Review of Timberjack

Timberjack (1955)
5/10
Johnny Guitar, meet Teresa Green
3 March 2005
Ah yes, the Republic treatment for logging movies shot in glorious 'funny looking' Trucolor. One must be very forgiving of Republic constantly making silent movie western melodramas even if they were produced 1955 and in color. It is as if they just kept making the same (sort of) films year in and out until the doors closed in 1959. Vera, the singing wife of studio head Herbert Yates moans a few songs and swings her Hungarian hips about the saloon warbling through her ZsaZsa sounding accent. Somehow, all this is great fun.

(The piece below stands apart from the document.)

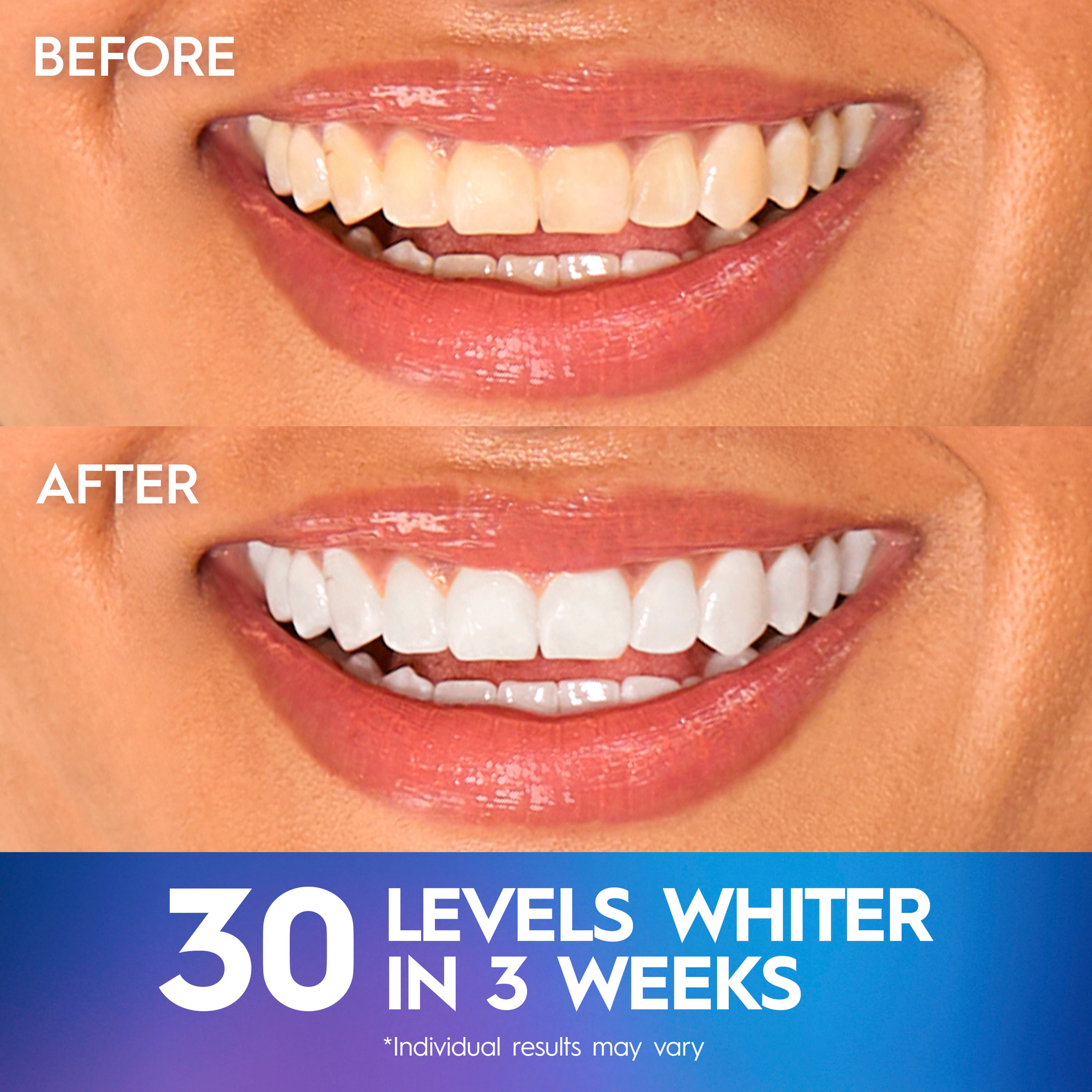 Crest 3DWhitestrips Professional Express Teeth Whitening Kit photo 4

There is great outdoor scenery, some fantastic railroad location footage and genuinely interesting logging train scenes. Adolph Menjou and Hoagy Carmichael are added to the cast of character actors who look as thought they are there to earn enough to afford a long holiday. Some scenes outside the saloon doors are clearly shot in the corridor at the entrance of a sound stage which all makes TIMBERJACK more quaintly fascinating. As with Johnny Guitar, someone returns to slug it out with someone and fix the bad guys. However we have Vera instead of Joan in this one and a competent serial director. In fact if it was chopped up into 12 minute episodes, that is exactly what TIMBERJACK would be. Very watchable for all the above reasons.